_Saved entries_
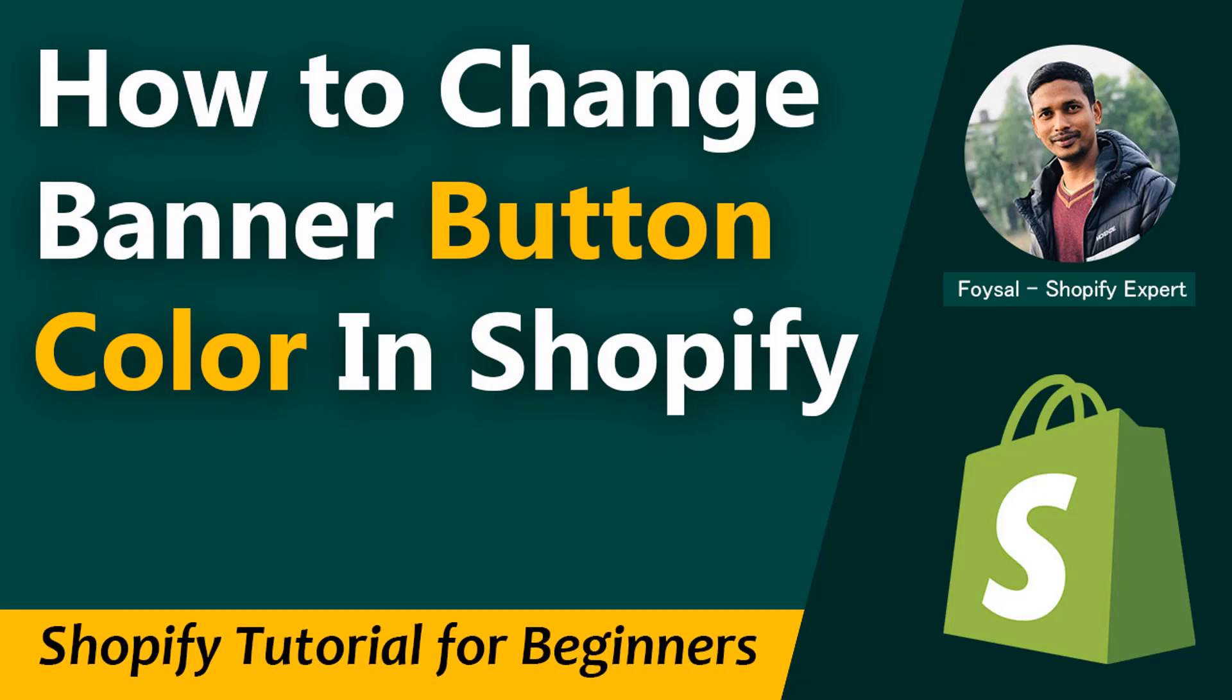Hey there, welcome to my YouTube channel. In this tutorial, I'm going to show you how to change banner button color in Shopify. So if you have started your online business with Shopify and you want to customize your banner button color, and you're looking for some tutorials that help you do this without hiring any developer and also without any coding skill, then you can continue this video.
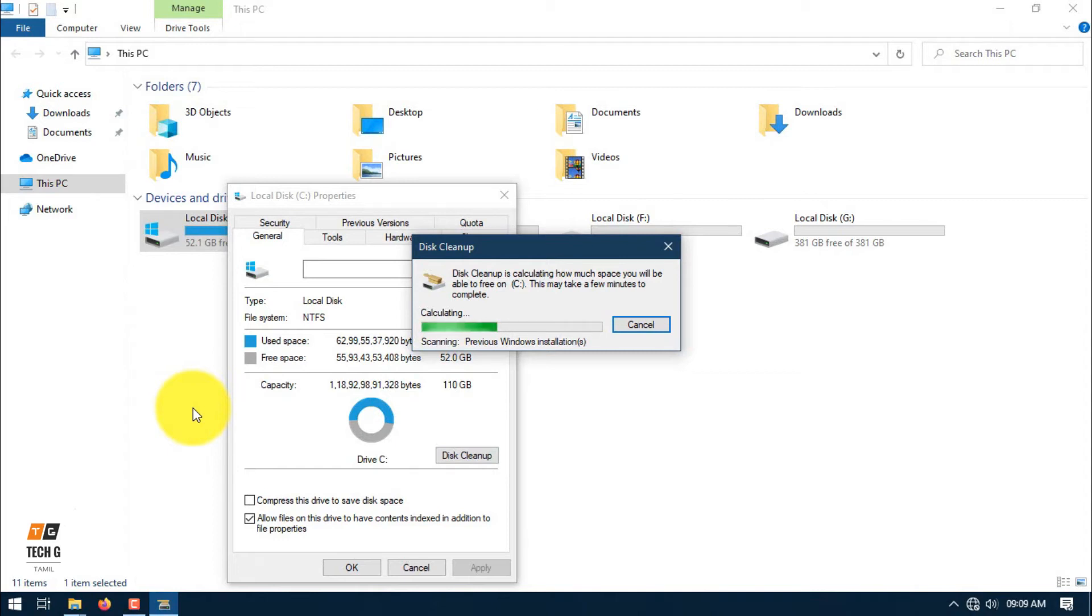You don't need to install any extra software. It is directly available in Windows 10, Windows 7, Windows 8, Windows XP. Now there are 62GB.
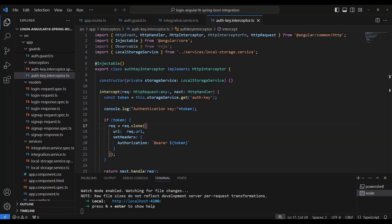Let's talk about what CORS is. CORS helps ensure that only authorized domains can access sensitive data or resources, and that web applications are not vulnerable to cross-site scripting (XSS) attacks or other security vulnerabilities. It does this by allowing web developers to explicitly allow or block cross-origin requests. Before CORS, a web page could only make requests to the same domain.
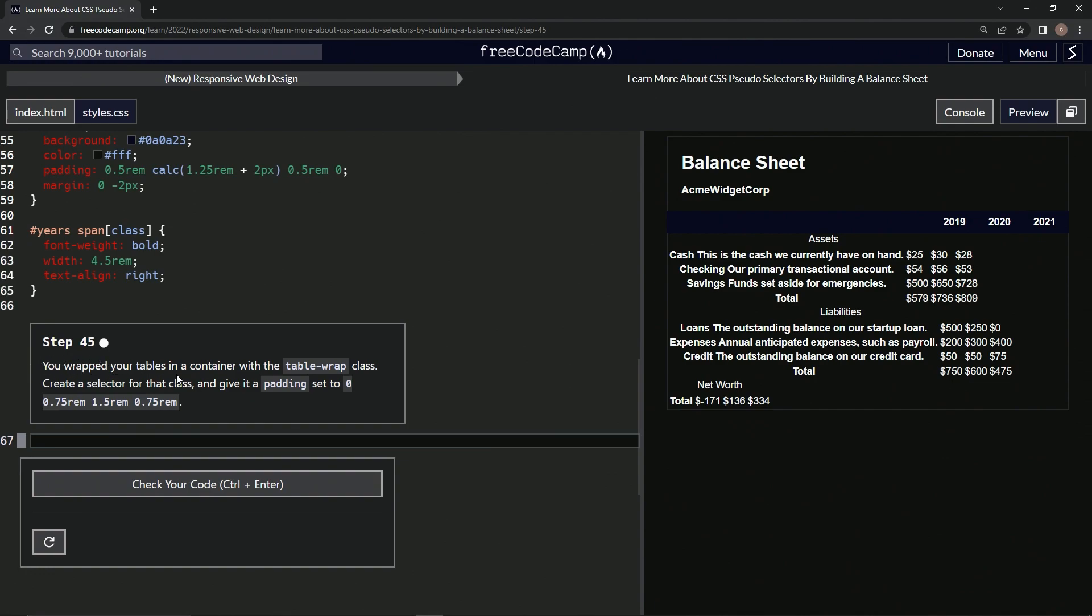So we wrapped our tables in a container with the table wrap class. Now we're going to create a selector for that class and give it a padding set to this stuff right here.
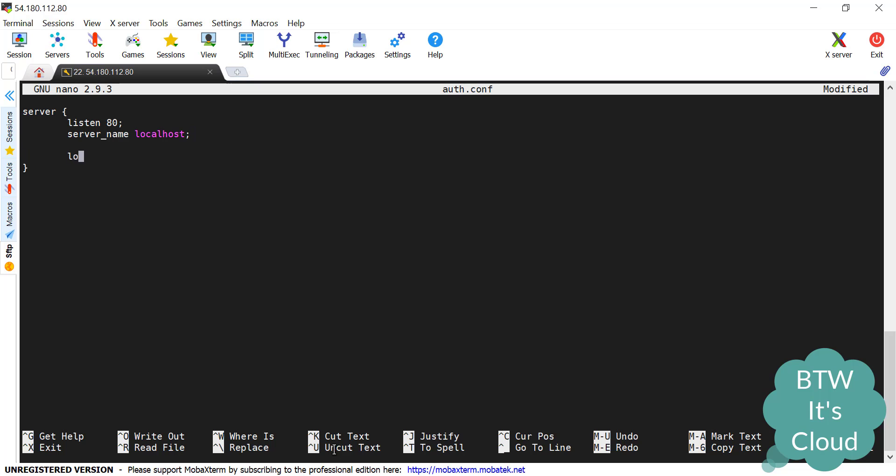Then we'll define the location block. We're declaring one endpoint as /. In the location block, since we're creating one virtual host, we need to give two things. The first one is the directory where all the files are. We call it as root. In our case the directory will be the static directory that I showed you at the start of this tutorial. We'll give the path here /home/ubuntu/static.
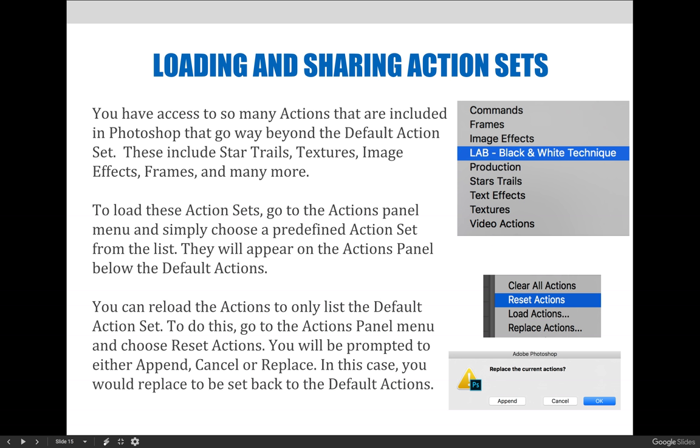These include star trails, textures, image effects, frames, and many more. To load these action sets, go to the actions panel menu and simply choose a predefined action set from the list. They will appear on the actions panel below the default actions, and each action set will have a slew of additional actions you can apply.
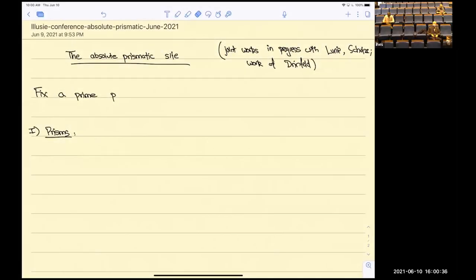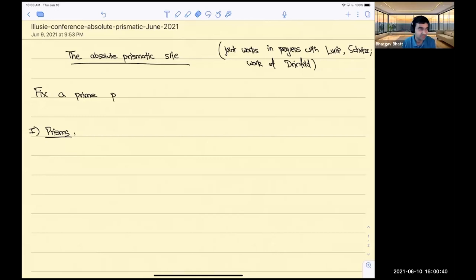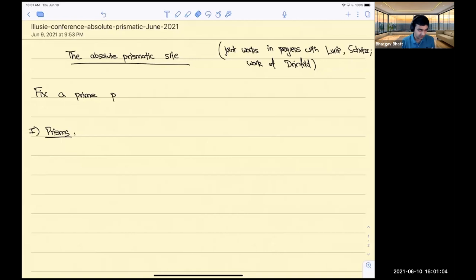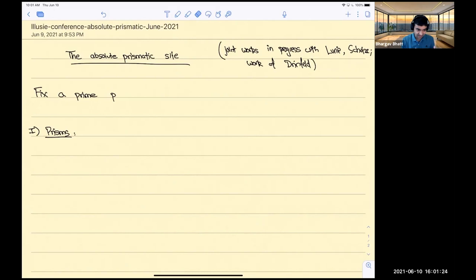Thank you very much for the introduction and for the invitation to speak here. It's a great pleasure and honor to be speaking at this conference for Luke. Luke's work has influenced a lot of my own work throughout my career. My very first foray into p-adic Hodge theory was about p-adic de Rham cohomology, which is essentially an object that Luke invented in his thesis.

_THE TASK_
Give back all of the entries verbatim, but without pictures.

_ANSWER_
Hey there, welcome to my YouTube channel. In this tutorial, I'm going to show you how to change banner button color in Shopify. So if you have started your online business with Shopify and you want to customize your banner button color, and you're looking for some tutorials that help you do this without hiring any developer and also without any coding skill, then you can continue this video.
You don't need to install any extra software. It is directly available in Windows 10, Windows 7, Windows 8, Windows XP. Now there are 62GB.
Let's talk about what CORS is. CORS helps ensure that only authorized domains can access sensitive data or resources, and that web applications are not vulnerable to cross-site scripting (XSS) attacks or other security vulnerabilities. It does this by allowing web developers to explicitly allow or block cross-origin requests. Before CORS, a web page could only make requests to the same domain.
So we wrapped our tables in a container with the table wrap class. Now we're going to create a selector for that class and give it a padding set to this stuff right here.
Then we'll define the location block. We're declaring one endpoint as /. In the location block, since we're creating one virtual host, we need to give two things. The first one is the directory where all the files are. We call it as root. In our case the directory will be the static directory that I showed you at the start of this tutorial. We'll give the path here /home/ubuntu/static.
These include star trails, textures, image effects, frames, and many more. To load these action sets, go to the actions panel menu and simply choose a predefined action set from the list. They will appear on the actions panel below the default actions, and each action set will have a slew of additional actions you can apply.
Thank you very much for the introduction and for the invitation to speak here. It's a great pleasure and honor to be speaking at this conference for Luke. Luke's work has influenced a lot of my own work throughout my career. My very first foray into p-adic Hodge theory was about p-adic de Rham cohomology, which is essentially an object that Luke invented in his thesis.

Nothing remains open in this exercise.